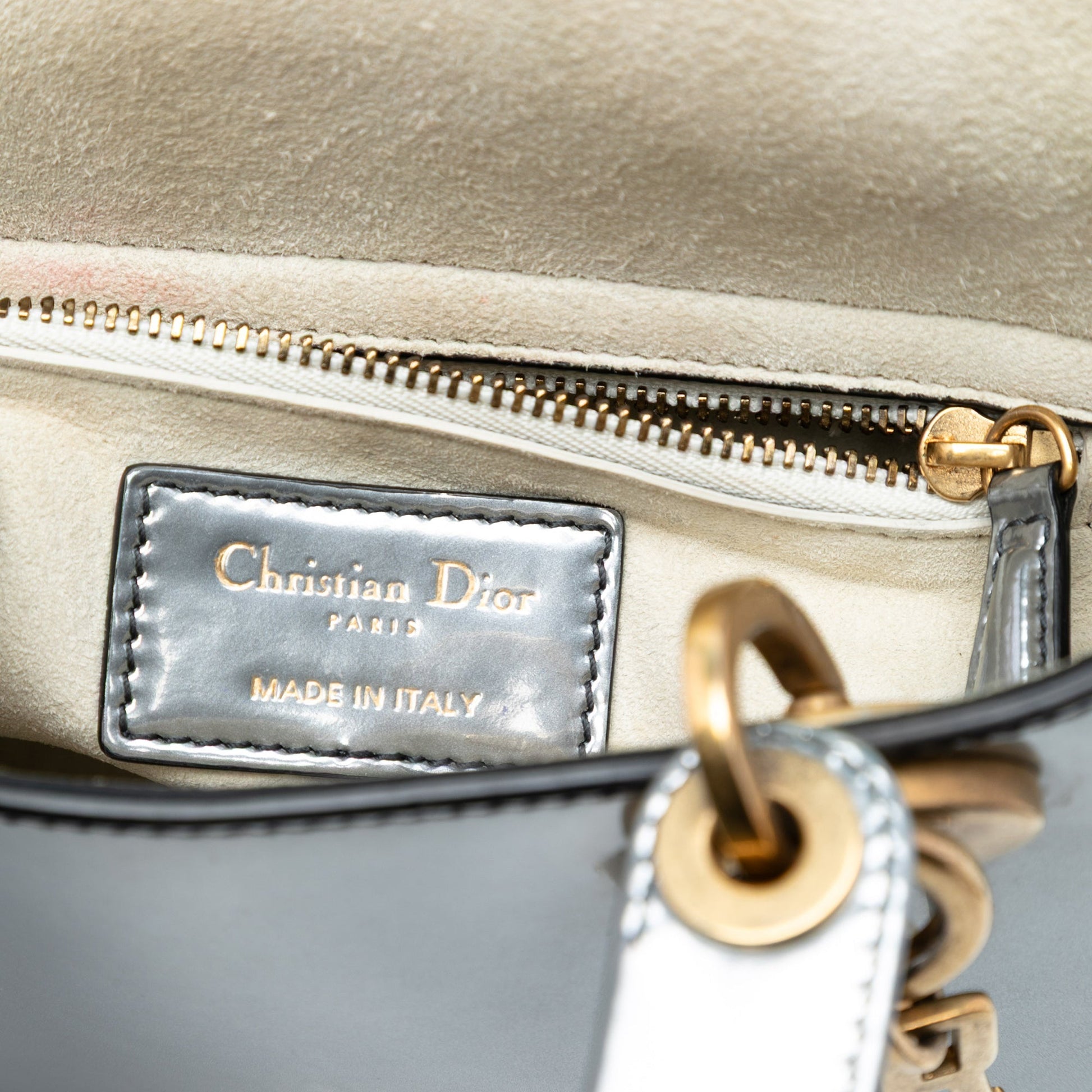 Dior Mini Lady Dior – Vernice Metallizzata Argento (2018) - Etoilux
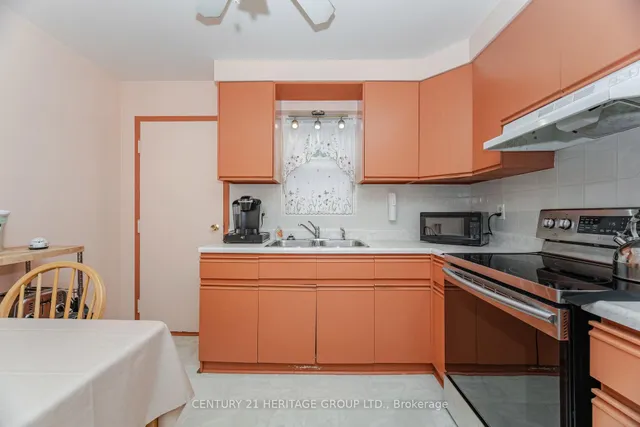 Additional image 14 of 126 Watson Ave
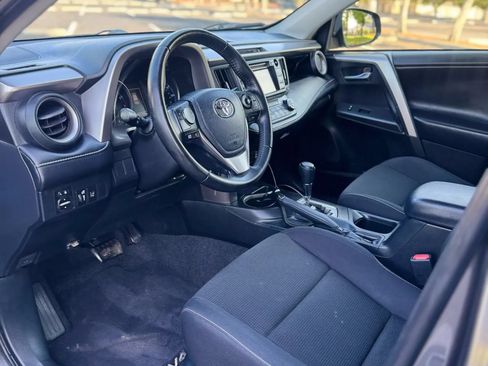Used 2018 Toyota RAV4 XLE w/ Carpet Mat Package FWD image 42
+===+
_WHAT THIS TASK INVOLVES_. Pictures stay out of the answer; the rest of the listing above is returned exactly.

_TASK SOLUTION_.
 Dior Mini Lady Dior – Vernice Metallizzata Argento (2018) - Etoilux
 Additional image 14 of 126 Watson Ave
Used 2018 Toyota RAV4 XLE w/ Carpet Mat Package FWD image 42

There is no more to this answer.